In the last month Italy has been affected by a heat wave so intense that the Ministry of Health issued warnings for several cities including Ancona, Cagliari, Frosinone, Campobasso, Latina, Perugia, Pescara and Rieti where “high-risk conditions lasting three or more days” saw temperatures up to 39°C (102.2°F).
I think that now we should make choices with a wider vision.
In the countryside, high temperatures caused concern among farmers. “At present, Italy is affected by a high-pressure structure of African origin,” said the expert in meteorology, Marco Giovani. “This was caused mainly by a negative anomaly of the surface waters of the mid-Atlantic, where temperatures decreased below the seasonal average.” He noted that due to this situation, which probably will persist throughout the summer, depressions descended to low latitudes, and as a dynamic reaction, further to the east, the ascent of hot air masses involved the Mediterranean and a good part of Western Europe.
“In Maremma, drought has been going on for a year and a half, and already in the spring several olive trees showed poor vegetative development,” affirmed Giovani, who manages an olive grove in Porto Santo Stefano, in Southern Tuscany.
While the flowering was delayed but good, the setting was poor. Giovani said that in this area, since last December just 48 millimeters (1.9 inches) of rain fell, where a typical annual precipitation is about 500 millimeters (20 inches).

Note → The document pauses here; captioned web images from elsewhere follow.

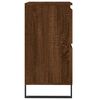 vidaXL Buffets 3 pcs Ch&ecirc;ne marron Bois d'ing&eacute;nierie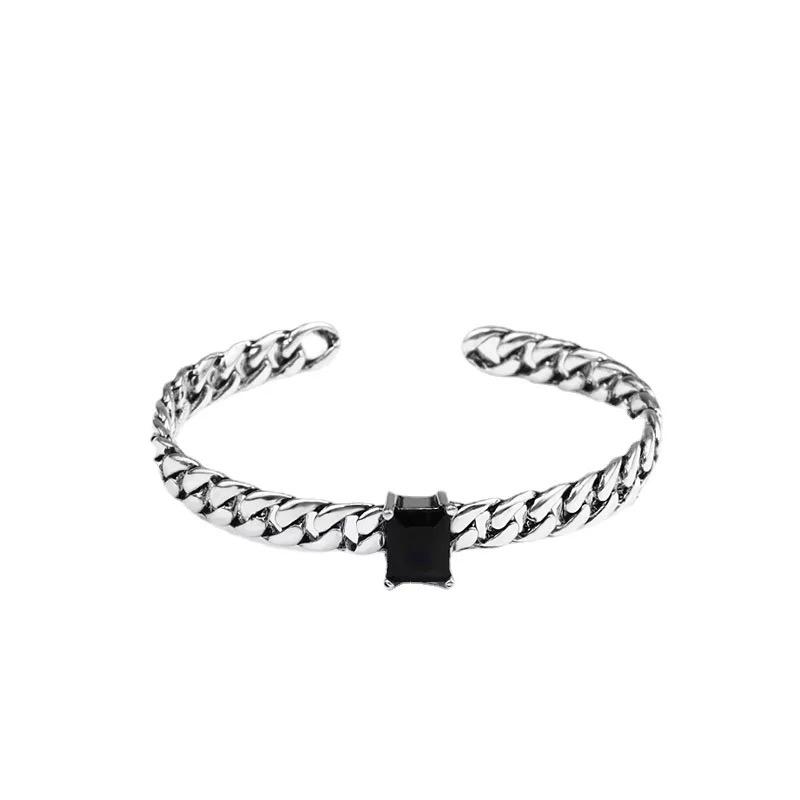 Julie Sterling Silver Cuff Bangle - G x G Collective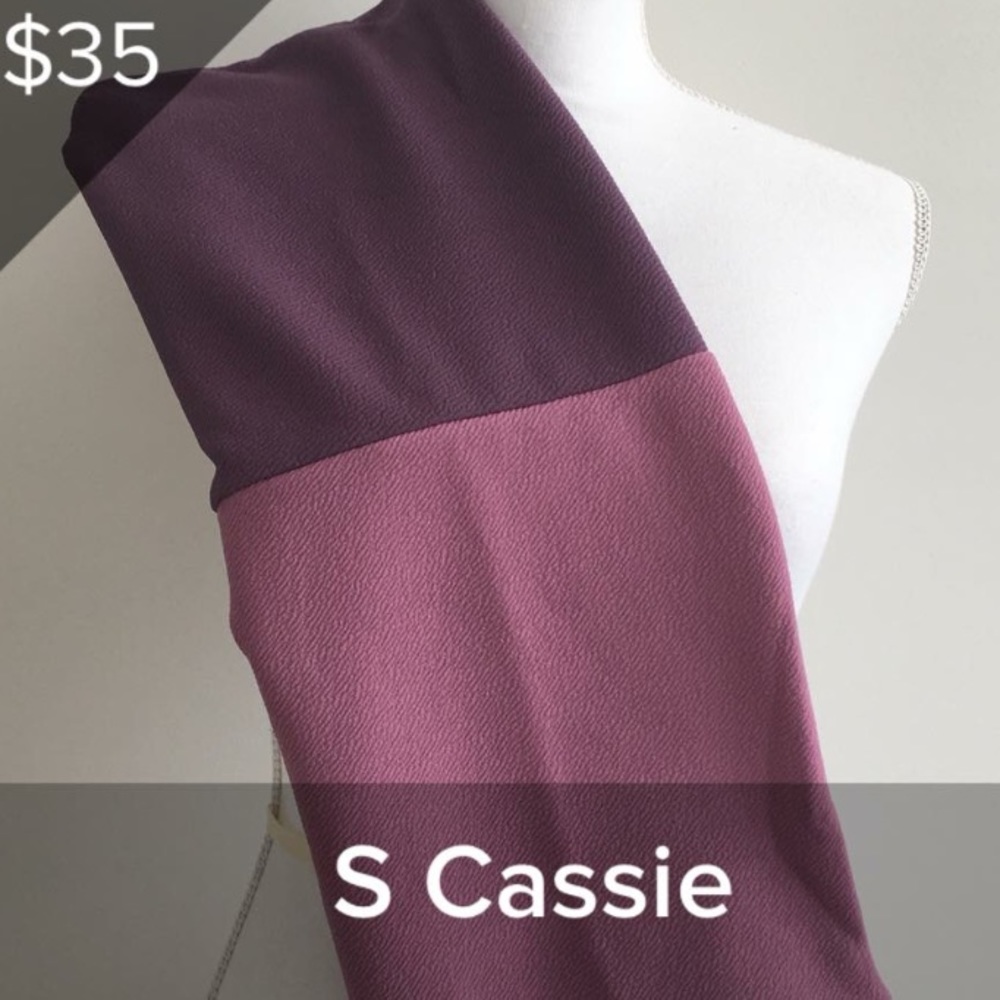 LuLaRoe Cassie Pull On Stretchy Pencil Skirt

Olive trees can safely withstand 35 – 36 °C (95°-96.8°F), said an agronomist specialized in olive growing, Fiammetta Nizzi Griffi. “Beyond this limit and up to 48 – 49 °C (118.4°-120.2°F), the plant develops defense mechanisms, depending on variety,” she explained.
Some cultivars become susceptible at 48 °C (118.4°F) and some can reach temperatures of up to 50°C (122°F); then the plant starts showing signs of damage, which are similar to those caused by Iron Chlorosis.
“We recently experienced a climatic situation with higher than annual average temperatures, and we already observed some manifestations of suffering in the olive trees,” she said, observing that first, part of flowers did not open because they dried up; then, parts of the flowers opened but did not reach setting because the pollen tube had been affected by hot wind.
“Flowers which were able to develop fruits are now the size of a peppercorn or peanut, depending on the area, and we must pay attention as some of them have been already affected by drought.”
“In my opinion, these issues are attributable not only to climate but also to agronomic management,” she affirmed. “I think that now we should make choices with a wider vision.”
With regard to soil, in fear of erosion due to heavy rains, which are now increasingly concentrated and intensified in short periods, tillage has been gradually abandoned in favor of under-sowing. “This approach is undoubtedly correct but it cannot be carried out in all territories,” the agronomist affirmed. “In regions like the Chianti, with high clay content and a natural tendency to radical asphyxia, it is necessary to deep till the soil to avoid its excessive hardening.”
If the ground hardens too much, rainwater is not able to penetrate and water reserves cannot be created; furthermore, the root apparatus of olive trees tends to develop just below the layer of herbs, competing with their roots.
“One month ago, I supervised a deep tillage in an olive grove of the inner Maremma characterized by a clayey soil,” Nizzi Griffi told us. “The workers broke a great number of roots which had developed just under the vegetal layer. Now, those olive trees will tolerate high temperatures much better because roots have been stimulated to go deeper and they will no longer compete with the other plants.”
When we make our agronomic choices, we should consider all the relevant factors, not just erosion. “Since the heat is a new issue, we must make sure that soil is able to absorb water and the roots are renewed,” she continued, pointing out that besides the biggest and supportive roots which no longer have absorbing function, we must focus on the vital and capillary root which can absorb water and nutrients, stimulating their renewal.
We can count on two systems: pruning and deep tillage. Because, “when a part of the tree is pruned, parts of the roots die and new ones develop along with the development of new vegetation; similarly, deep tillage breaks roots, renewing and making them more receptive to water and nutrients.” In this sense, we can re-evaluate the use of plows and harrows, Nizzi Griffi suggested.
In addition, she recommended keeping as many leaves as possible when pruning, because each leaf is a small water reserve to draw on. In this sense, the plant should be leafy, proportionally to exposure to daylight.
Moreover, we should reduce the height of the olive tree in order to decrease its effort to feed the vegetative parts and translocate nutrients.
“A good farmer will till the soil or let herbs grow according to climate and other factors, in view of a ‘tailor-made’ olive grove,” she added. “I believe that the difficulties of recent years may be seen not as a threat but as an incentive to improve the management of olive groves. In fact, despite hard seasons, we obtained exceptional productions.”
Now, the temperature is going back in the range of normal and scattered showers finally refreshed some of the thirstiest olive groves.